Understanding the various conflicting ZooKeeper versions, and picking a version to go with. Right now Storm and Kafka still prefer very old 3.3.x versions of ZooKeeper, whereas in practice many people run 3.4.x in their infrastructure (e.g. because ZooKeeper 3.4.x is already deployed alongside other infrastructure pieces such as Hadoop clusters when using commercial Hadoop distributions).
How to write unit tests for Storm topologies. A lot of people seem to find references to TestingApiDemo.java while searching the Internet but struggle with extracting these examples out of the Storm code base and merging them into their own project.

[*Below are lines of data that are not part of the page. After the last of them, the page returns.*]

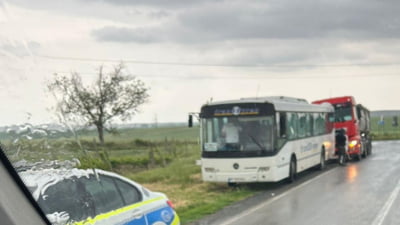 Accident grav în Tulcea: Un autocar cu 20 de pasageri implicat într-o coliziune cu un TIR 2 Accident grav în Tulcea: Un autocar cu 20 de pasageri implicat într-o coliziune cu un TIR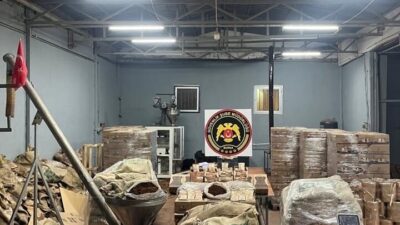 Bursa’da, bozulmuş ve değiştirilmiş gıda ile sahte ürün ticaretine karışan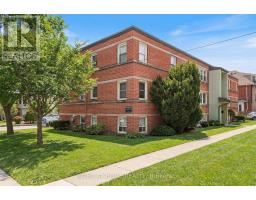 11 - 223 MACNAB STREET S, Hamilton, Ontario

How to write Storm topologies in a way that you can parameterize its components (bolts etc.) with the Avro record type T, so that you don’t need to write a new bolt only because your Avro schema changes. The goal of this code is to show how you can improve the developer/user experience by providing ready-to-use functionality, in this case with regards to (Avro) serialization/deserialization. To tackle this you must understand Storm’s serialization system as well as its run-time behavior.

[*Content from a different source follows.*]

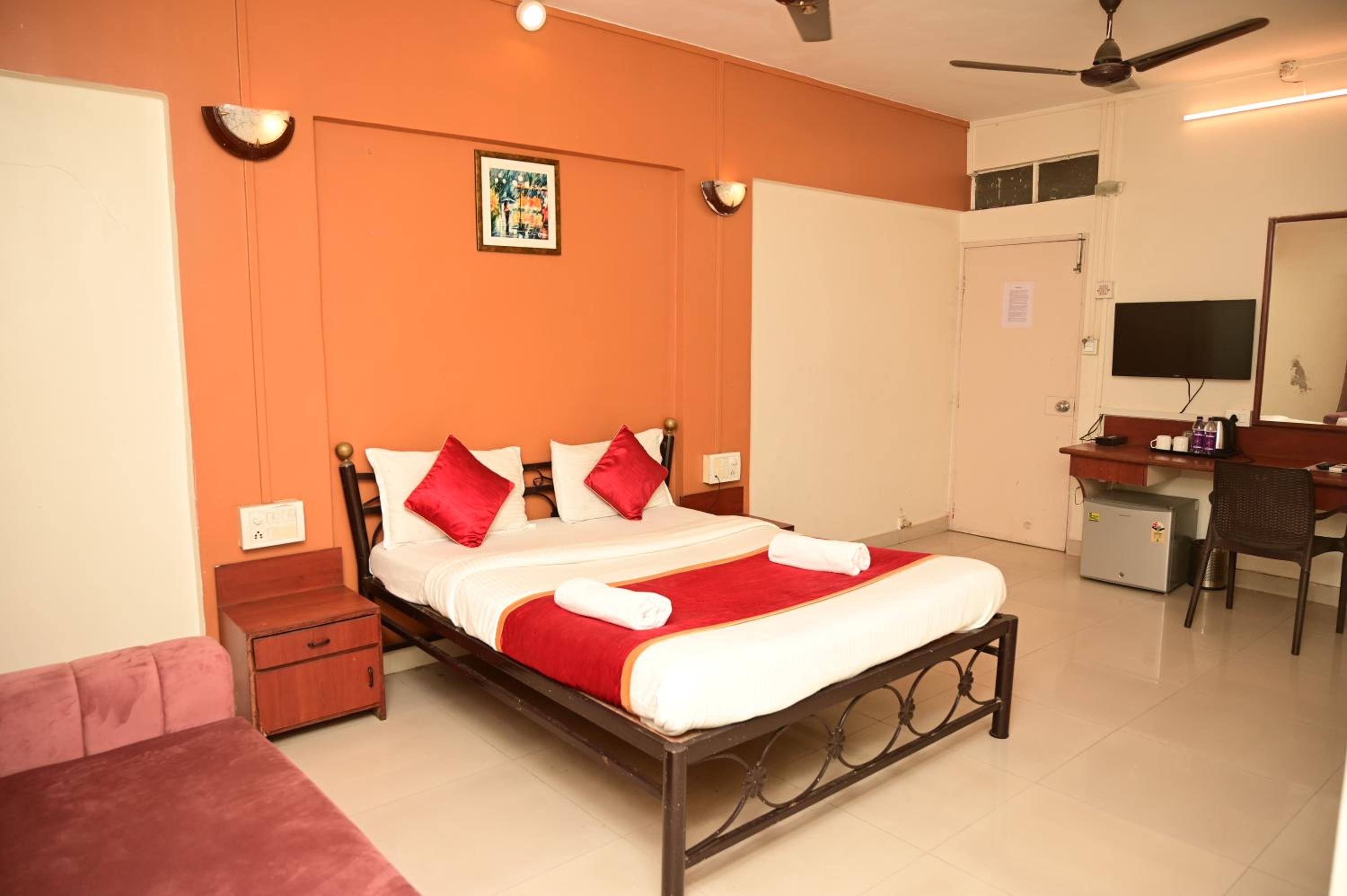Deluxe Family Room - Photo 6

- While doing that I discovered a (known) Scala bug when I tried to use TypeTag instead of deprecated Manifest to implement e.g. AvroDecoderBolt[T], see SI-5919. This bug is still not fixed in the latest Scala 2.11.1, by the way.
How to write end-to-end Kafka->Storm->Kafka tests.
And so on…

Conclusion

I hope you find kafka-storm-starter useful to bootstrap your own Kafka/Storm application. In the Storm community we are actively working on improving and simplifying the Kafka/Storm integration, so please stay tuned and, above all, thanks for your patience. The upcoming 0.9.2 version of Storm is already a first step in the right direction by bundling a Kafka spout that works with the latest stable version of Kafka (0.8.1.1 at the time of this writing).

Now where to go once you have your Kafka and Storm code ready? At this point you can then use a tool such as Wirbelsturm and its associated Puppet modules to deploy production Kafka and Storm clusters and run your own real-time data processing pipelines at scale.